An unusual and unexpected virus protein has been found in minute quantities in measles-mumps-rubella vaccine, but the scientists studying it don't believe it poses any hazard to people getting the immunization shots.

The protein, called reverse transcriptase, almost certainly comes from the remnants of ancient viruses that have been "preserved" for eons in the chromosomes of chickens. Chicken cells are used to make many vaccines, including the one in which the protein was found. There is no evidence that whole copies of the ancient viruses are in any vaccine.

"Based on the data we have so far, we believe the vaccine should be on the market, and people should continue immunizing their children," said Kathryn Zoon, head of the Food and Drug Administration's office in charge of vaccine safety.

"We are not investigating a situation in which there has been any adverse reaction at all," said Brian W.J. Mahy, director of the branch of the Centers for Disease Control and Prevention (CDC) that studies viruses.

The measles-mumps-rubella vaccine used in the United States is made by only one manufacturer, Merck & Co. Inc. However, the reverse transcriptase (RT) protein has been found in similar vaccines made by European companies, as well as in yellow fever and some influenza vaccines. All are prepared in chicken embryo cells.

Merck each year sells about 12 million doses of the vaccine (often abbreviated MMR) in the United States. MMR is given to children soon after their first birthday, and again when they are either about 4 or 11 years old. About 450 million doses of the Merck vaccine have been sold worldwide since it was introduced 24 years ago, a company spokeswoman said yesterday.

The World Health Organization estimates that measles vaccine prevents about 90 million cases of the disease annually, and about 1.5 million deaths.

RT is most commonly associated with retroviruses, a class of virus that can permanently alter the genes -- and consequently the behavior -- of cells they infect. The AIDS virus is the best-known retrovirus, although there are others that cause diseases, such as leukemia.

The discovery of RT in batches of MMR in June immediately raised the possibility that a complete retrovirus might somehow be contaminating the vaccine. The presence of the protein was detected by Swiss researchers using a new test that is a million times more sensitive than its predecessor.

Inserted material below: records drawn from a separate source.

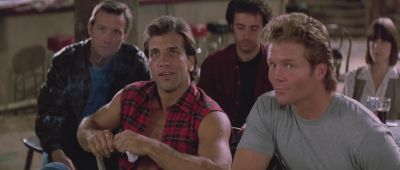 Being called a cocksucker isn't personal - Road House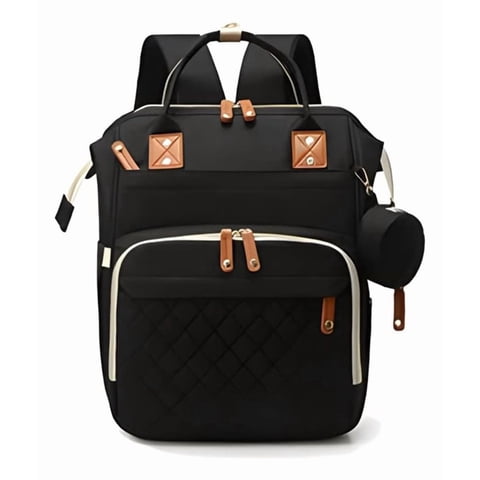 Genérico - Mochila Pañalera Infantil Con Monedero Viaje Bebe Lau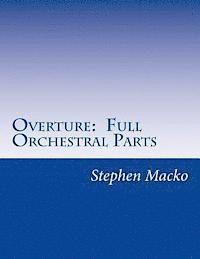 bokomslag Overture: Full Orchestral Parts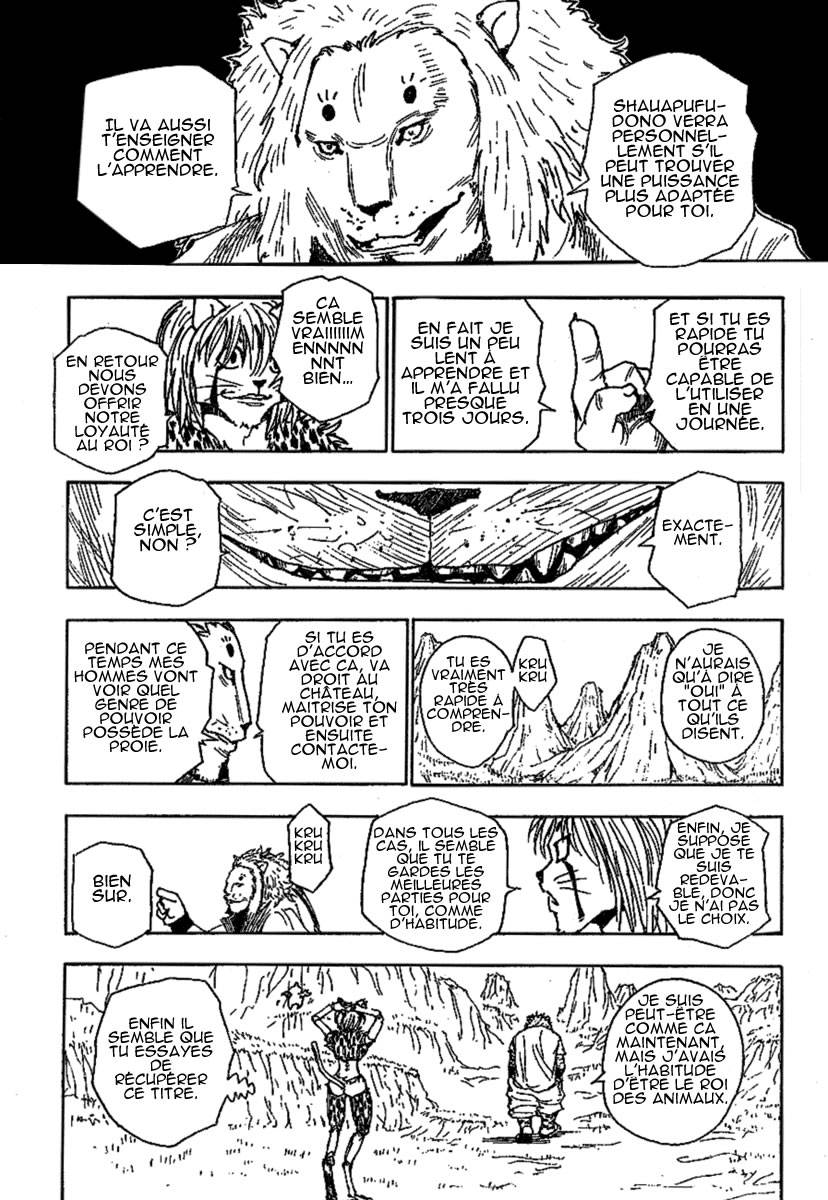 Hunter X Hunter: Chapter chapitre-235 - Page 14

Chicken proteins are normally found in many vaccines. No whole retrovirus, however, has been found in any vaccine samples. Furthermore, experiments done with Merck's chicken embryo cells -- the presumed source of the RT in that company's vaccine -- have not uncovered any virus capable of passing from chicken cells to human cells when the two are grown together in the laboratory.

Measles, mumps and rubella (also known as "German measles") all are caused by viruses (though none is a retrovirus.) The vaccine contains a functional, though weakened, measles virus, mumps virus and rubella virus. When a person gets the shot, the viruses infect human cells, causing a protective immune response that persists for years. But because the incoming virus is weak, the vaccine recipient experiences little or no illness.

To make such "live" vaccines, chicken cells are infected with virus, where the invading microbes grow, eventually bursting the cells and releasing millions of progeny. The vaccine given to people contains small quantities of the chicken cells' contents -- mostly a hodge-podge of different proteins. Now it appears RT is one of them.

Scientists at Merck Research Laboratories, outside Philadelphia, are attempting to figure out the location and origin in chickens of the RT gene that instructs the chicken cells to make the RT protein. According to Alan Shaw, head of the company's team working on the problem, there are four possibilities.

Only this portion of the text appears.